V. 2. Auch will ich zur selbigen Zeit beides über Knechte und Mägde meinen Geist ausgießen.

Das ist einmal eine bestätigende Wiederholung der göttlichen Aussage im vorangegangenen Verse, des Sinnes: „Die Ausgießung des heiligen Geistes, ich sage es noch einmal, wird sicherlich eintreten.“ Sodann aber auch eine Vergrößerung und eine Beschränkung der Pfingstverheißung zugleich. Eine Vergrößerung, insofern der heilige Geist nicht nur wie im vorigen Verse jedem Geschlecht und Alter, sondern auch jedem Stande verheißen wird; Knechte und Mägde bilden den untersten Stand; fleischlicher Sinn konnte auf den Gedanken kommen, nur die höheren Stände seien der Auszeichnung durch den heiligen Geist würdig; wie verachteten doch die Obersten in Israel zur Zeit Christi das Volk und sprachen: Das Volk, das nichts vom Gesetz weiß, ist verflucht!
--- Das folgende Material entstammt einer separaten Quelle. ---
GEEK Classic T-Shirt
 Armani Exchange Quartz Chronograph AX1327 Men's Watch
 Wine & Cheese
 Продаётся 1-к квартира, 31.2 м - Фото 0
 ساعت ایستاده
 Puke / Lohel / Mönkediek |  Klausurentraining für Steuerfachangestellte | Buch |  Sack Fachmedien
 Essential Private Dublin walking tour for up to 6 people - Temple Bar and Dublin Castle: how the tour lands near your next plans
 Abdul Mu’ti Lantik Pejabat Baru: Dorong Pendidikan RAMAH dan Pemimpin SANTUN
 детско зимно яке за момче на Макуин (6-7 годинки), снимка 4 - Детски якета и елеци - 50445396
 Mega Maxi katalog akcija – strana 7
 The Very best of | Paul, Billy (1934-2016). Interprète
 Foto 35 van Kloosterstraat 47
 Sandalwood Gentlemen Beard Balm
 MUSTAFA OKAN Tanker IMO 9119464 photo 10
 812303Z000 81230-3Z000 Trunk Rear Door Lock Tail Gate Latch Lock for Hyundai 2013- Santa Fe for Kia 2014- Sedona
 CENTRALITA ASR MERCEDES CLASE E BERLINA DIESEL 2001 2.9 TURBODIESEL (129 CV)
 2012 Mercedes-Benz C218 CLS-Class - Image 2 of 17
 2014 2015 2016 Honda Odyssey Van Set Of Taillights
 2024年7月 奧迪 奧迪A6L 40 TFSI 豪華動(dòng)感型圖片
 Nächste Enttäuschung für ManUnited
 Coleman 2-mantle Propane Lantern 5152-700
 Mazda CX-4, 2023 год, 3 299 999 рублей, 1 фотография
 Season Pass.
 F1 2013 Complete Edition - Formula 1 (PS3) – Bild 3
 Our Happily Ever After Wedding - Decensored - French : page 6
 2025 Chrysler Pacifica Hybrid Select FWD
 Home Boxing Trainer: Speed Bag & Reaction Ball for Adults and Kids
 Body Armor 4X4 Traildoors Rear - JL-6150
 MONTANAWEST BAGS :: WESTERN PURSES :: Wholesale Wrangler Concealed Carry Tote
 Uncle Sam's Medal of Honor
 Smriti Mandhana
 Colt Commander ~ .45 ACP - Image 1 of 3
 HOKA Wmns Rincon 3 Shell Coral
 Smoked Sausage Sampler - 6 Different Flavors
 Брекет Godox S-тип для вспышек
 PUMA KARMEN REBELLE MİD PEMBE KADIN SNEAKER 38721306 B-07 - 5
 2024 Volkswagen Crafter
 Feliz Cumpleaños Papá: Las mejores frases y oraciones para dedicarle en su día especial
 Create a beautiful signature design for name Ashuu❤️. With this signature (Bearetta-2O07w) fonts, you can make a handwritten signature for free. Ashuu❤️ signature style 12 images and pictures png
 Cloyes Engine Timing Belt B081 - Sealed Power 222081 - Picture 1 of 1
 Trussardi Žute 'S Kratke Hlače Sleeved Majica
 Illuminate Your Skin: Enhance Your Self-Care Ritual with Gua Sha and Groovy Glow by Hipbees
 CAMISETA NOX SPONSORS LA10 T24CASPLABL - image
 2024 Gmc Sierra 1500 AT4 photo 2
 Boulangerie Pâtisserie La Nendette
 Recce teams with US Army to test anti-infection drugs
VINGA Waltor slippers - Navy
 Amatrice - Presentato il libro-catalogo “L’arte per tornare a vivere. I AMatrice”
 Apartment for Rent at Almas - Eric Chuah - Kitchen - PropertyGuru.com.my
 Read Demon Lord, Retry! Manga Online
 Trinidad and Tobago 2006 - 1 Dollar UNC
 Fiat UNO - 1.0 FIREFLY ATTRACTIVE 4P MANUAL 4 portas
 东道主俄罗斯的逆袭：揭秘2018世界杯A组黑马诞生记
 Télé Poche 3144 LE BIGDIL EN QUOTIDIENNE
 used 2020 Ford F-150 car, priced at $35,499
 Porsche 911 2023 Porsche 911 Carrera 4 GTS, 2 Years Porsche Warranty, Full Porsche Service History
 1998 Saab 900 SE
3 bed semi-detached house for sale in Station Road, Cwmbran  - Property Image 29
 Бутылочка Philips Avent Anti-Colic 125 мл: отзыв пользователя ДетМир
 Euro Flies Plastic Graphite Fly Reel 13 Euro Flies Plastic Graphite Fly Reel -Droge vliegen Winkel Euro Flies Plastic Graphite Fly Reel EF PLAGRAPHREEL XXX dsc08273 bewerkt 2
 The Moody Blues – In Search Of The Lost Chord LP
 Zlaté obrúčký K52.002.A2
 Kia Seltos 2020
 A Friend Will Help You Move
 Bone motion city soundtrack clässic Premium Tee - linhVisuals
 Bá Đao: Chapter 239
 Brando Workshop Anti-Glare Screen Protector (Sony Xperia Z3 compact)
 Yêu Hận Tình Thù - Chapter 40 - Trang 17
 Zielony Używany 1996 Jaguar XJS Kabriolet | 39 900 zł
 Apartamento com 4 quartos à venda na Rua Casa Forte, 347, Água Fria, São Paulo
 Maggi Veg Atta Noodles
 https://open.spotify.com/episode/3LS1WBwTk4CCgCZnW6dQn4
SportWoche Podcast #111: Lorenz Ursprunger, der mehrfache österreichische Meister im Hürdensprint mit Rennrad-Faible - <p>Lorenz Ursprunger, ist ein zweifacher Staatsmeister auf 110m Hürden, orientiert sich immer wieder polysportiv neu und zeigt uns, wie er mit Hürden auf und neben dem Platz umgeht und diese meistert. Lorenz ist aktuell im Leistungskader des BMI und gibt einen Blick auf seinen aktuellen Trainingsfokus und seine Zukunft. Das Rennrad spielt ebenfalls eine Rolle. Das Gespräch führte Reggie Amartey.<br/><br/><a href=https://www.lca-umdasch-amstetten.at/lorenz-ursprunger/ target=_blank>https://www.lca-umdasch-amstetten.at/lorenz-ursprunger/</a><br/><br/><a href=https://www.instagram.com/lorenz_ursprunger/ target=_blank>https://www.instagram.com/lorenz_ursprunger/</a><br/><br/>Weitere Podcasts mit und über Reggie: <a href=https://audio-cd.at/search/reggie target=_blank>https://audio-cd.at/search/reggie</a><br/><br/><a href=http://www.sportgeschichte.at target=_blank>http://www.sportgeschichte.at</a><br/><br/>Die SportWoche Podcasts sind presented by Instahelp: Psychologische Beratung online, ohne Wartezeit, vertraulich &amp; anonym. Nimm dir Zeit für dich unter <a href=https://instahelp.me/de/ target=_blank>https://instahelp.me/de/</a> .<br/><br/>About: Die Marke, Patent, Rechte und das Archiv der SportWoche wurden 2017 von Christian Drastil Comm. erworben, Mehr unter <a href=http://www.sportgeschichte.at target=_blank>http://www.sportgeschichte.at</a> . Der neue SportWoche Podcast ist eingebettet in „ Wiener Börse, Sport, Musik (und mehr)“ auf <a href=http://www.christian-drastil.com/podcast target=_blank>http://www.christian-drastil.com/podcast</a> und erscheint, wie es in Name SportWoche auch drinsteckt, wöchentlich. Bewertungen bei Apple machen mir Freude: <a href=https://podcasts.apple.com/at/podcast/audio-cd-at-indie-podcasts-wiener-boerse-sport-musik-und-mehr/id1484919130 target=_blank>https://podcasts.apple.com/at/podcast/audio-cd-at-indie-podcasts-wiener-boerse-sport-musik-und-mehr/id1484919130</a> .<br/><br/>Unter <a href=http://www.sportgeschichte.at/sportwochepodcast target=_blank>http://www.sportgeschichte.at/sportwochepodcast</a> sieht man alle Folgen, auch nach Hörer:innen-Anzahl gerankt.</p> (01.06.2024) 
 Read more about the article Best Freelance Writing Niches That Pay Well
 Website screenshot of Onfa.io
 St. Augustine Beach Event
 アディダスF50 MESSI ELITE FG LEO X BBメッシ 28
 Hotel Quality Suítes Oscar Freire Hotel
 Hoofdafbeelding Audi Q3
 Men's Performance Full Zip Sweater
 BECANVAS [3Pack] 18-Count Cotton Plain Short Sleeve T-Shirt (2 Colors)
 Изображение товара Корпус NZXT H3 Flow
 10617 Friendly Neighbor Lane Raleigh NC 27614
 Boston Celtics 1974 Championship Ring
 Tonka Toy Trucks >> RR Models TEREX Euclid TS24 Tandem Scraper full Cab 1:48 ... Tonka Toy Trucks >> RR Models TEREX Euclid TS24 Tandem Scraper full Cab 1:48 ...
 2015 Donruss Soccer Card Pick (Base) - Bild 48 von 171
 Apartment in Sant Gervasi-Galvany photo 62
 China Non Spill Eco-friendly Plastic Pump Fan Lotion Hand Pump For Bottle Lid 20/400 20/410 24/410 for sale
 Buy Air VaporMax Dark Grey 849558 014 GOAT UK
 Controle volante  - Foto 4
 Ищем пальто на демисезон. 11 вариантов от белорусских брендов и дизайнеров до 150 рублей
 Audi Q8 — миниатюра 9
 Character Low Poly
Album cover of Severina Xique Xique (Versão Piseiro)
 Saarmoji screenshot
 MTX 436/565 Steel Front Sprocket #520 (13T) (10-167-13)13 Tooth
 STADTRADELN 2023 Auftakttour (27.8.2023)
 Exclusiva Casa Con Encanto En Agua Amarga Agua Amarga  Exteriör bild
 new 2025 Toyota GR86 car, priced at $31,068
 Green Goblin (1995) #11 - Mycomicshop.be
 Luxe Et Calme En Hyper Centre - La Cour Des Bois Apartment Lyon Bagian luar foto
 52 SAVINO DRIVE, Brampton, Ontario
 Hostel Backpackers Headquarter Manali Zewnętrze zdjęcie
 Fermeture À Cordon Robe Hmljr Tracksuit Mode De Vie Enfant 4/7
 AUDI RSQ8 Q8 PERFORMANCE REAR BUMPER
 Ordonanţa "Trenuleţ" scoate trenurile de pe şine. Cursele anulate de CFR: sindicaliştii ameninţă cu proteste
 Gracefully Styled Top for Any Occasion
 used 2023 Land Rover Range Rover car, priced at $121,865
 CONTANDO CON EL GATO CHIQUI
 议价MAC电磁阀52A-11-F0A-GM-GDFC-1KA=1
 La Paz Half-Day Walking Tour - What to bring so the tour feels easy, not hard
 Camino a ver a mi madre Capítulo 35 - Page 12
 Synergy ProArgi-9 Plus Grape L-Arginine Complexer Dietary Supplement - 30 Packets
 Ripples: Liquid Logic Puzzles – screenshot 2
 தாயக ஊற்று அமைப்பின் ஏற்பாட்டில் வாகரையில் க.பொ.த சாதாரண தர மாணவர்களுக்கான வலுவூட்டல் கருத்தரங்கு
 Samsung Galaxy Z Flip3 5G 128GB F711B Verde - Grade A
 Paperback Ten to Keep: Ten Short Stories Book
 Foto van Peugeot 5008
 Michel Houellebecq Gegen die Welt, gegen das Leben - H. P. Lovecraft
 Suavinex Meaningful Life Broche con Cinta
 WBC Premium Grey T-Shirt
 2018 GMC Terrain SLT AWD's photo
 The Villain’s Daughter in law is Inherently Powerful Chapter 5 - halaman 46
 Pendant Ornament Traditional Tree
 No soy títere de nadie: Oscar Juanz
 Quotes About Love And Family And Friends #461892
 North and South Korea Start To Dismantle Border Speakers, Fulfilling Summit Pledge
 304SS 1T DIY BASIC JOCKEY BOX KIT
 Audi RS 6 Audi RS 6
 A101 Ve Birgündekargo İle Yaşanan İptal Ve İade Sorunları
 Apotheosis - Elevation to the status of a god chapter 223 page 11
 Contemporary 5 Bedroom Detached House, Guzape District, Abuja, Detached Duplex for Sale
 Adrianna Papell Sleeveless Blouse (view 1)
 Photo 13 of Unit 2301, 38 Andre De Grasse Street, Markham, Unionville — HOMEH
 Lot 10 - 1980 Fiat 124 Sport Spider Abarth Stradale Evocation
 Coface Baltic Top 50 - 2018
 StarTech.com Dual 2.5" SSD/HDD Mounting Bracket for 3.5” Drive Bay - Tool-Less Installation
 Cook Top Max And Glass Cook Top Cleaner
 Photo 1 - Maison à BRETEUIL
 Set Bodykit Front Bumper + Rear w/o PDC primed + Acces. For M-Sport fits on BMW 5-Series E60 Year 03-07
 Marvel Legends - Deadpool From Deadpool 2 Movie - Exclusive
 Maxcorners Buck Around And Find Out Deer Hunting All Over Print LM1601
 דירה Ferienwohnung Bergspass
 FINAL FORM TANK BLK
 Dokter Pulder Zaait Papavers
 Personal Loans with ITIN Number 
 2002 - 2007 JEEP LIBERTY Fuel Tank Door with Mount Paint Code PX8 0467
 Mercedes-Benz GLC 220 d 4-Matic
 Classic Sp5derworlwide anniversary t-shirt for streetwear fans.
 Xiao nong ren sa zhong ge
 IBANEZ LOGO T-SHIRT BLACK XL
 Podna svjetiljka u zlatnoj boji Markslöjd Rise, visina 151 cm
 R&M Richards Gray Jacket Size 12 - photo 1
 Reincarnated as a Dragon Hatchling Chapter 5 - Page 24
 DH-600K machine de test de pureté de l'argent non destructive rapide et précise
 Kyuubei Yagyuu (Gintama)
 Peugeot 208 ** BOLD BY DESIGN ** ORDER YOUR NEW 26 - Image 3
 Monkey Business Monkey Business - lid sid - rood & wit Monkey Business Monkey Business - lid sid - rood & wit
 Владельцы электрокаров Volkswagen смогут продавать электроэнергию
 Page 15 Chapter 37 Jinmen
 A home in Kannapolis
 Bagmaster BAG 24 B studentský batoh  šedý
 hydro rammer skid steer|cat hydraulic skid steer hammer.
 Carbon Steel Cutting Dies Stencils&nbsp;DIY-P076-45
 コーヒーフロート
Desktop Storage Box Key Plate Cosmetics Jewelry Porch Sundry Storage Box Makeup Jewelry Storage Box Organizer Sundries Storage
Aber die Schrift sagt, dass das verheißene Gut des heiligen Geistes auch den Knechten und Mägden zu Gute kommen soll, auch den Armen soll das Evangelium gepredigt werden. Eine Beschränkung der Pfingstverheißung liegt in diesem Verse, insofern wir mit St. Petro herauslesen, dass Gott überhaupt nur auf seine Knechte und Mägde seinen Geist geben will; auch die Obersten müssen erst Gottes Knechte geworden sein, wenn sie den heiligen Geist empfangen sollen; der heilige Geist wird nur dem Fleische zu Teil, das in Gehorsam der Buße und des Glaubens in Gottes Kindschaft eingeht.

So weit geht die Rede Joels von der Gottestat der Ausgießung des heiligen Geistes. Es schließt sich nun daran aufs Engste an eine Weissagung von Wundern und Zeichen der allmächtigen Hand Gottes an Himmel und Erde:

V. 3. Und will Wunderzeichen geben im Himmel und auf Erden; nämlich Blut, Feuer und Rauchdampf.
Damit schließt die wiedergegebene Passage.